Joe employs his new hobby, flying a drone equipped with photographic equipment, to survey the storm’s impact in the general area of Joyeuse Island. He inadvertently captured the image of a dark smudge in the shallows just off the island. Faye believes it might be a present-day sub-surface spring that had been exposed by the recent storm and had been a source of freshwater on dry land some 15,000 earlier. As a youngster, Faye had discovered pre-Clovis projectile points in the general area and the spring could provide further proof of such an early man site. An alternative theory is suggested when Faye shows Joe’s photos, while delivering relief goods to local historian, Captain Edward Eubank, a wonderfully kind retiree who has turned his home library into an archival resource for both amateur and professional historians. He believes, drawing on historical documentation from Faye’s own ancestor Cally Stanton, a freed slave, that the dark blotch on the photo is evidence of a sunken Civil War era blockade runner, the Philomela—a smuggler’s ship—mostly buried in the sandy bottom.
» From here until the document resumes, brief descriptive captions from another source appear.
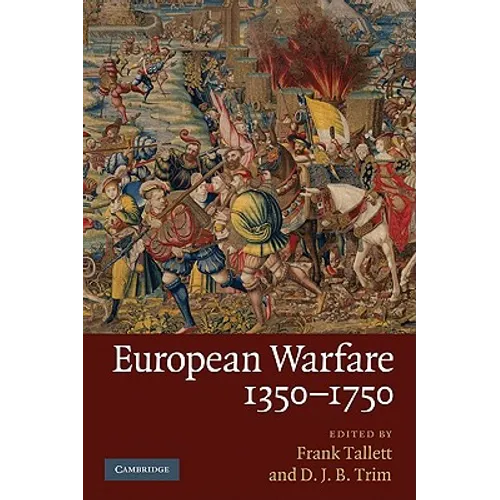 European Warfare, 1350-1750 - Paperback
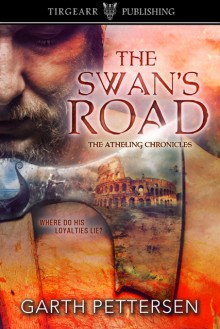 The Swan's Road (The Atheling Chronicles #1) - Garth Pettersen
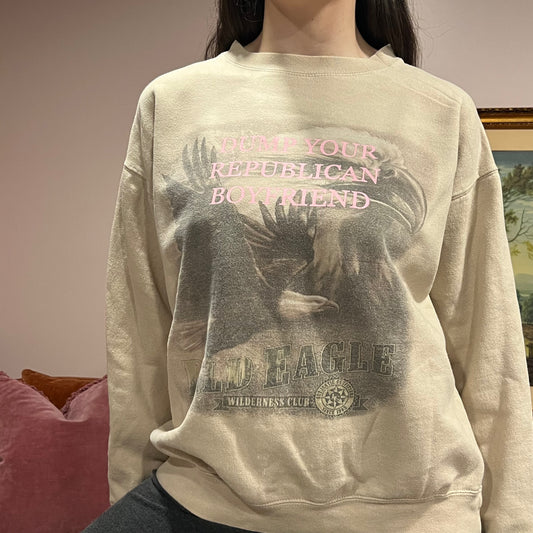 DUMP YOUR REPUBLICAN BOYFRIEND eagle crewneck with pink text (L/XL)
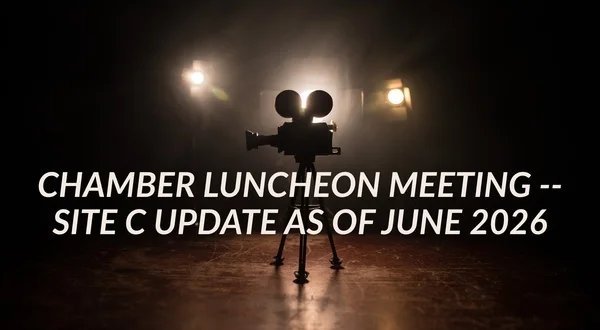 Chamber Luncheon Meeting -- Site C Update as of June 2026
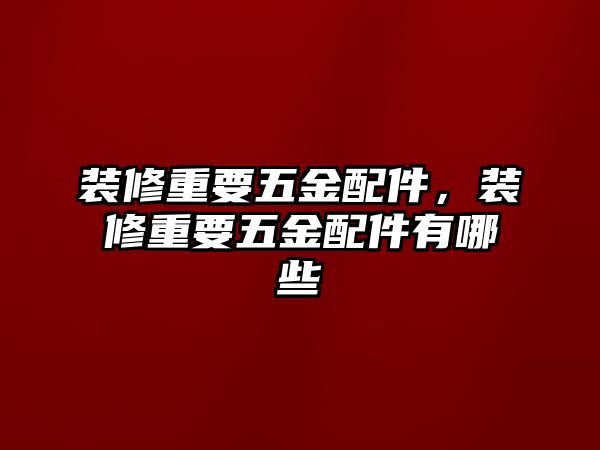 裝修重要五金配件，裝修重要五金配件有哪些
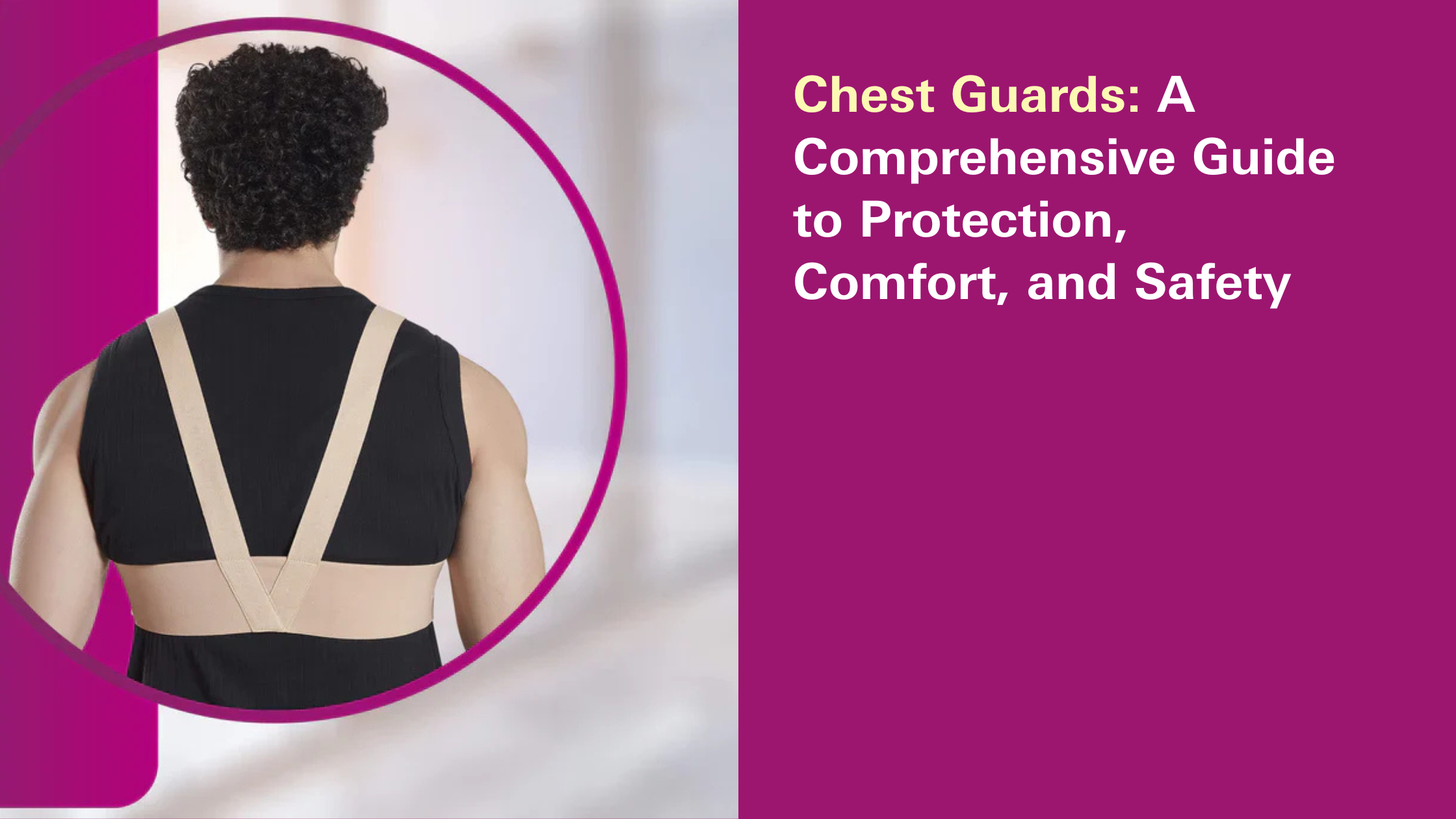 Chest Guards: A Comprehensive Guide to Protection, Comfort, and Safety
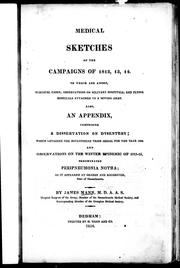 Front cover of Medical sketches of the campaigns of 1812, 13, 14 by Mann, James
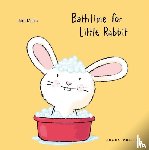 Muhle, Joerg - Bathtime for Little Rabbit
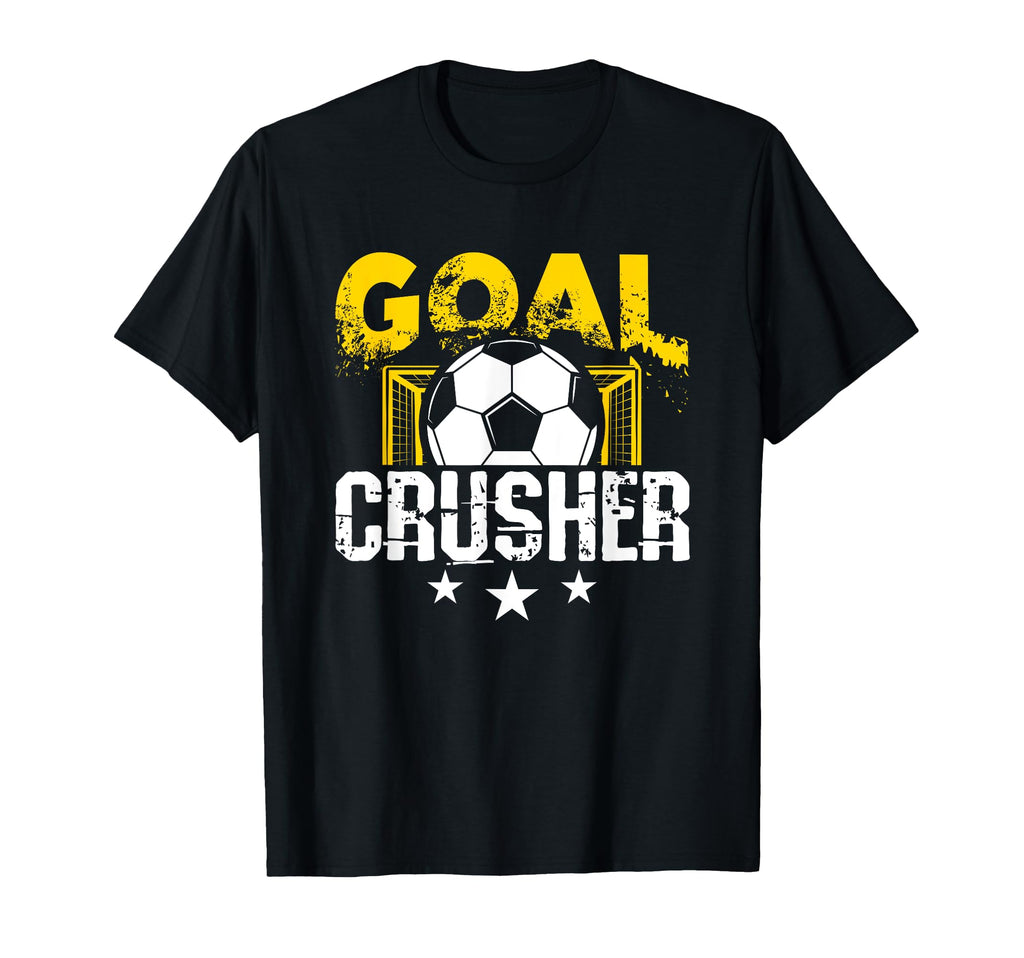 Goal Crusher Soccer Soccer Player T-Shirt - Fun Novelty Design for Adults - T-Shirt, Sweatshirt, Hoodie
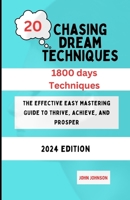 20 Chasing Dream Techniques: The Effective Easy Mastering Guide to Thrive, Achieve, and Prosper B0CR8KYBT2 Book Cover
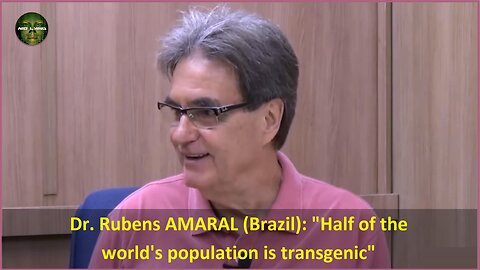 Dr. Rubens AMARAL (Brazil): "Half of the world's population is transgenic"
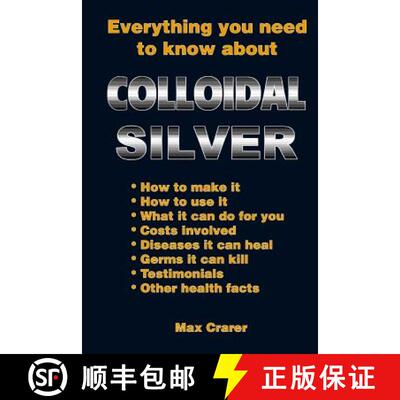 【3-4周达】Everything You Need To Know About Colloidal Silver [9780987661777]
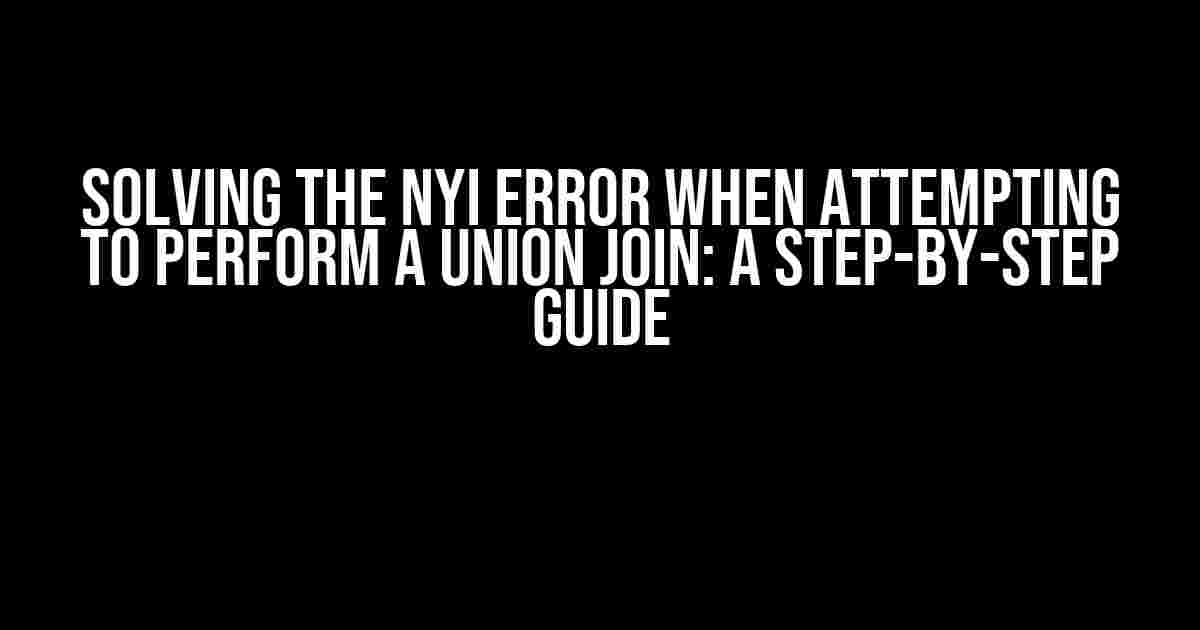 Solving the NYI Error When Attempting to Perform a Union Join: A Step-by-Step Guide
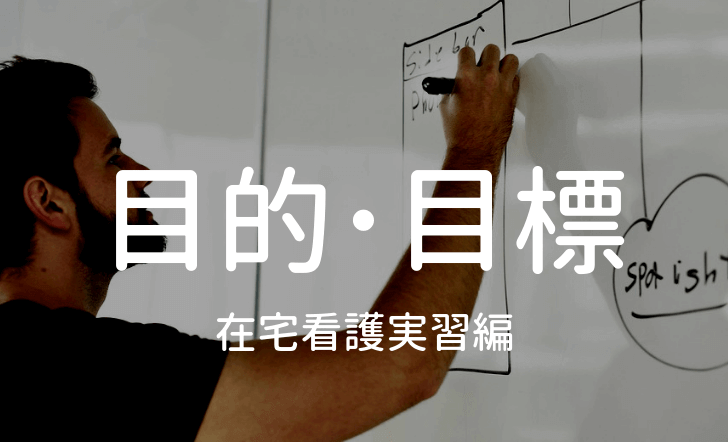 在宅看護学実習の目的 目標設定のやり方 コツ 例まとめ ナースの長田 Com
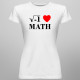 I love math - dámske tričko s potlačou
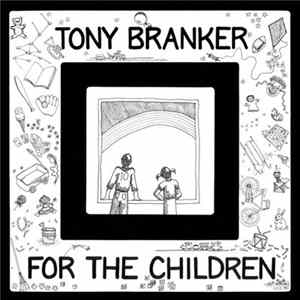 Tony Branker - For The Children Album
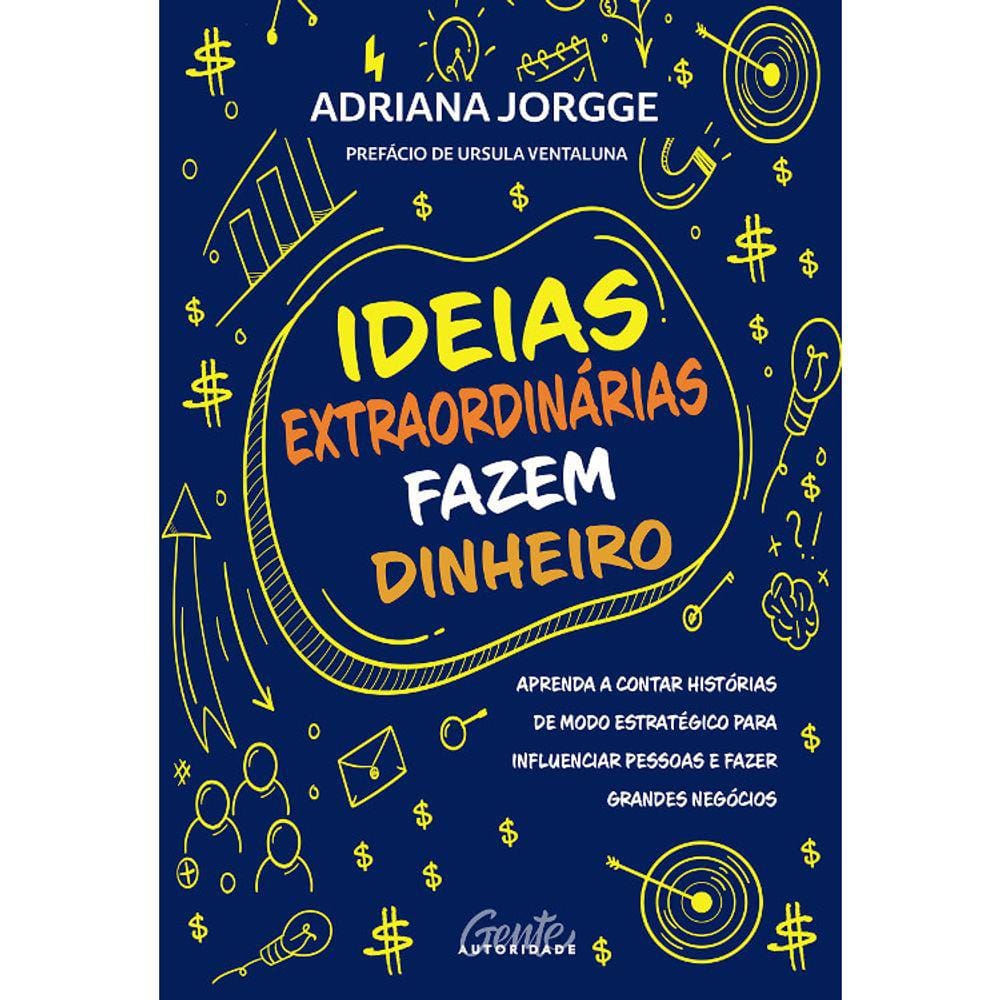 Ideias Extraordinárias Fazem Dinheiro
The tight-knit Gulf community, struggling with the hurricane’s aftermath, is further shaken when Captain Eubank is found floating dead, washed up into the local marina, in full SCUBA gear. Faye believes the captain had gone off alone, seeking the sunken Civil War blockade runner, and while the local authorities believe it was an accidental drowning, no one can ever recall the captain showing any interest in diving, nor had he made any purchase of the expensive equipment at any of the local dive shops.
Other mysteries begin to pile up in the little community still struggling to escape from the ravages of the storm—a missing mother and child, a larcenous insurance adjustor, the willful destruction of Joe’s drone, missing documents from Captain Eubank’s library, the suspicious actions of a young researcher in and around the captain’s home, and the near-death of newspaper heir, Nate Peterson, in a fashion very similar to Captain Eubank. Are these events linked? Or is a matter of unscrupulous individuals taking advantage of the chaos left in the wake of the hurricane?
Because Faye fears those nearest and dearest to her are in potentially grave danger from the events haunting Joyeuse Island and Micco County, she dedicates her efforts to unraveling the web of crime following in the hurricane’s wake.
As in the previous twelve Faye Longchamp novels, author Evans continues to develop the complex characters that inhabit Faye’s fictional world and with great relish, plunges them into a myriad of fraught situations. A reader might have wished for a bit more archaeology to flesh out the plot (this reader did) but the vivid description of post-hurricane events—the misery, the destruction and despair, the hopelessness of losing so much to nature and to looters—all are graphically and realistically portrayed and lend a sense of reality that is incredibly gripping, and very likely justifies placing archaeology in the background as Faye, Joe and Amande dedicate their energies to aiding their neighbors—and solving crimes!
Four trowels for the latest Faye Longchamp mystery.